- Task requirements
With the pictures omitted, print exactly the lines below, from the one containing "Arenzza plant freeze" through the one containing "A blue winged", and nothing else.

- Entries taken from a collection
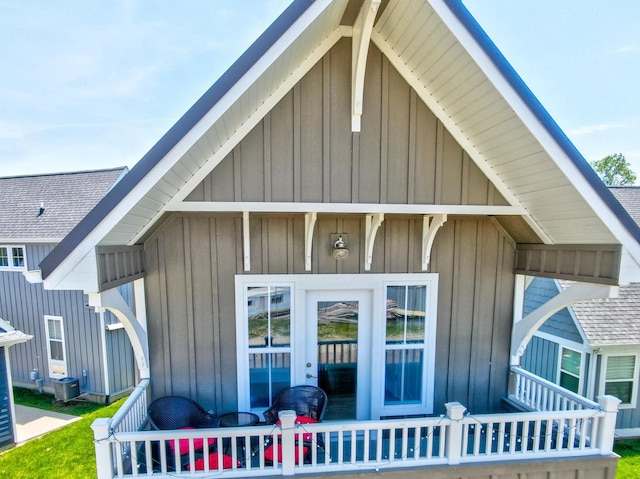 exterior space featuring board and batten siding, central AC, and a shingled roof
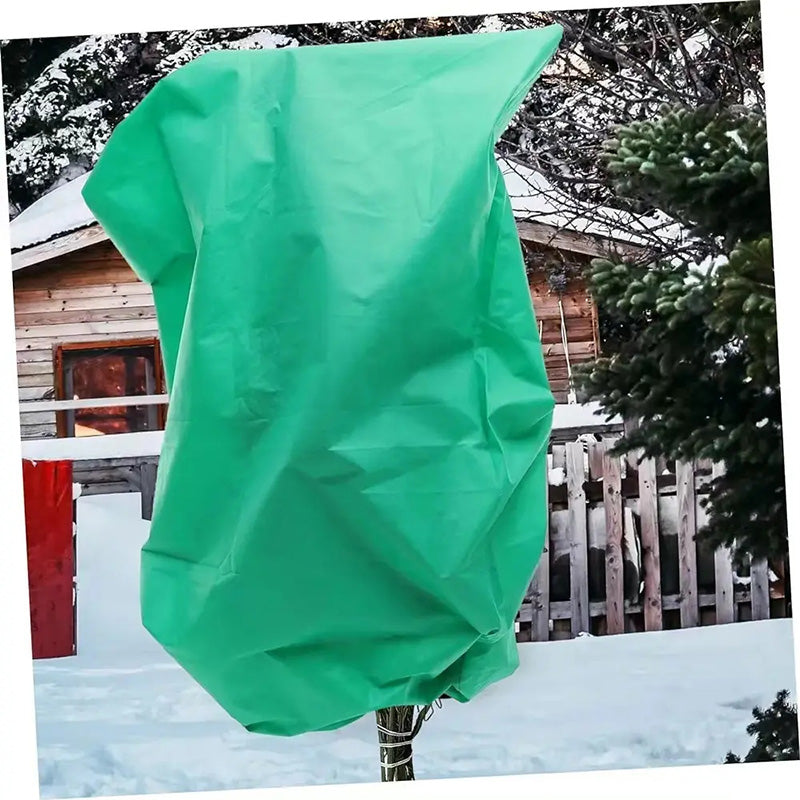 Arenzza plant freeze protection cover, thickened drawstring bag for winter garden frost protection, shown draped over plants.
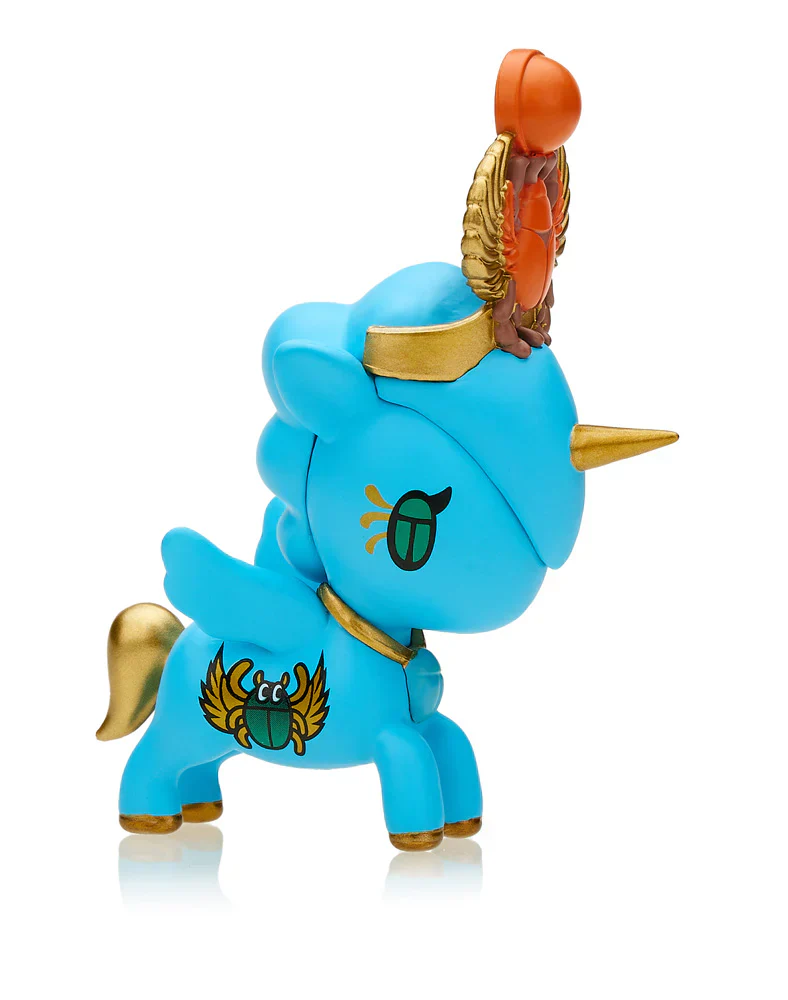 A blue winged unicorn toy with golden horn, wings, and Egyptian scarab motifs. An orange winged scarab rests on its head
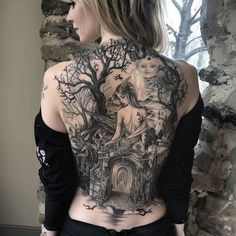 the back of a woman's body is covered in tattoos and features an image of a horse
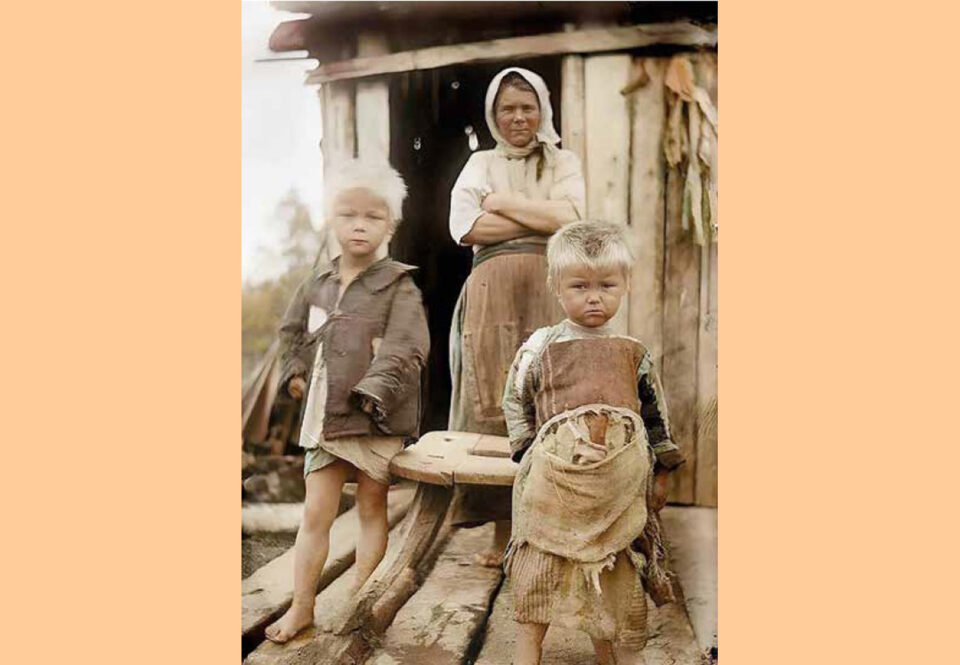 Kaksi resuista pikkulasta katsoo totisina kohti kameraa, taustalla huivipäinen nainen kädet puuskassa sekä lautahökkeli.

- Exercise result
 Arenzza plant freeze protection cover, thickened drawstring bag for winter garden frost protection, shown draped over plants.
 A blue winged unicorn toy with golden horn, wings, and Egyptian scarab motifs. An orange winged scarab rests on its head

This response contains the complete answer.